Fr. Víctor Manuel Gonzales della Viceprovincia dell San Salvador.
Fr. Jairo Reales Cantillo della Provincia di Bogotà.
Fr. Eleázar Pérez della Provincia di Bogotà.
Fr. Jesús Manuel Bobadilla García della Viceprovincia del Nord Perù.
Fr. Rédin Meza Tocto della Viceprovincia del Nord Perù.
P. Roche Machado, Prefetto dei Fratelli della Viceprovincia del Nord Perù.
P. Rafael Nieto Cabrera, Ecuador, coordinatore dei Fratelli della Sub-Regione del Nord America Latina e dei Caraibi.
Nell’Incontro, come Redentoristi, sono state analizzate le tappe della formazione e come si sta sviluppando nelle nostre unità, per quanto riguarda sia la formazione in generale sia quella del Fratello in particolare.
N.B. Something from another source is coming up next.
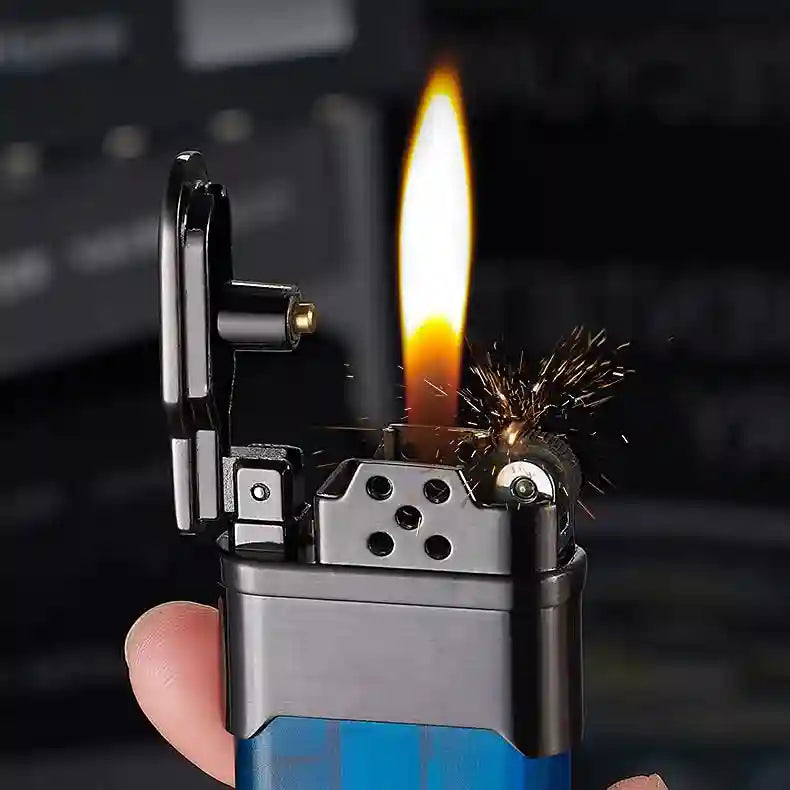 Hand holding a blue and black lighter with a flame against a blurred background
Si è anche individuato un obbiettivo generale ed alcuni obbiettivi specifici e delle strategie, per rivalorizzare e promuovere la vocazione del Fratello Redentorista, come vocazione valida ed attuale nella Congregazione e nelle Unità della Sub-Regione Nord dell’America Latina e dei Caraibi.

Sono state prese anche alcune decisioni per il Fratello e la sua integrazione nelle nostre Vice-Province :

Si è anche deciso che nel Triennio si terranno tre riunioni di Fratelli:

Primo anno: la riunione sarà tra Fratelli delle Vice-Province vicine.
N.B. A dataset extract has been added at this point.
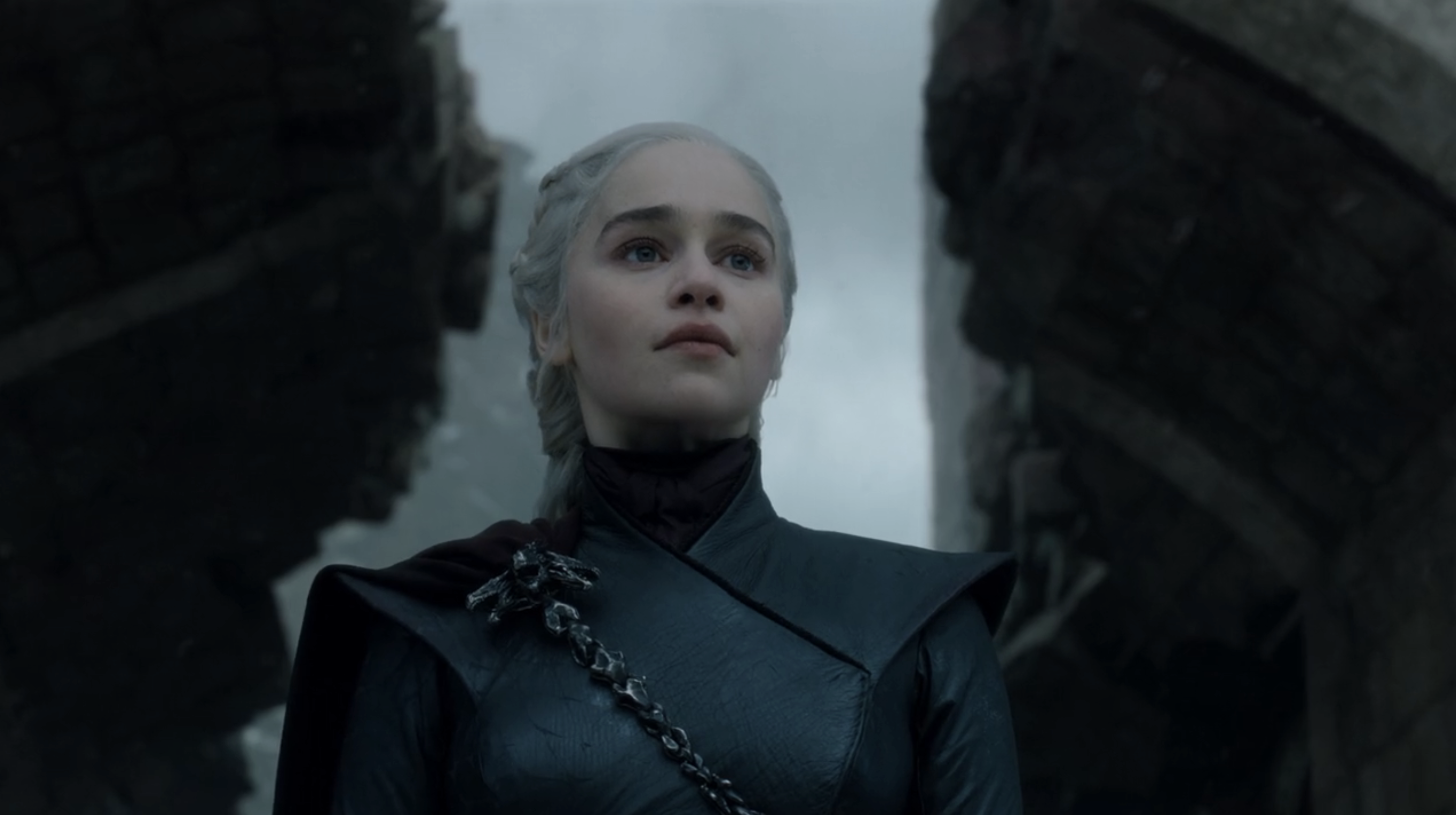 Emilia Clarke as Daenerys Targaryen in a dark outfit from a scene in Game of Thrones, standing between two large, broken structures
Secondo anno: sarà la riunione Sub-Regionale di tutte le Vice-Province che formano la nostra Sub-Regione la cui sede sarà a rotazione nei diversi paesi.

Terzo anno: sarà realizzato il CLAHER-CLAIR, a livello dell’America Latina e dei Caraibi, e il Prossimo Congresso Latino Americano sarà in Cile nel mese di dicembre del 2010.
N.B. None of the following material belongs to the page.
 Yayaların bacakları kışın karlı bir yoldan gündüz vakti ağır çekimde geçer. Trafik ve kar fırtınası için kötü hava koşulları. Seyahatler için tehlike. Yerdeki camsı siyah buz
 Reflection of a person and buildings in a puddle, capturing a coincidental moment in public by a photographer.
Si chiede anche alle Unità di nominare un Responsabile dei Fratelli, per aiutarli nella formazione e nel coordinamento. Si suggerisce di tenere due riunioni annuali in ogni Unità, con riferimento alla festa di S. Gerardo e alla Vita Consacrata, ad ottobre e febbraio secondo le opportunità. Per tali riunioni si prende in considerazione il seguente schema:
a) Primo giorno: ritiro spirituale.
b) Secondo giorno:tema teologico di formazione per Fratelli.
c) Terzo giorno: giorno di passeggio, svago e convivenza fraterna.

Terminata la nostra riunione a Lima, abbiamo ringraziato la Vice-Provincia del Nord Perù nella persona del suo Viceprovinciale P. Argimiro Gago e del Superiore locale P. Grimaldo Garay, per la calorosa accoglienza e perché ci hanno fatto sentire come a casa nostra.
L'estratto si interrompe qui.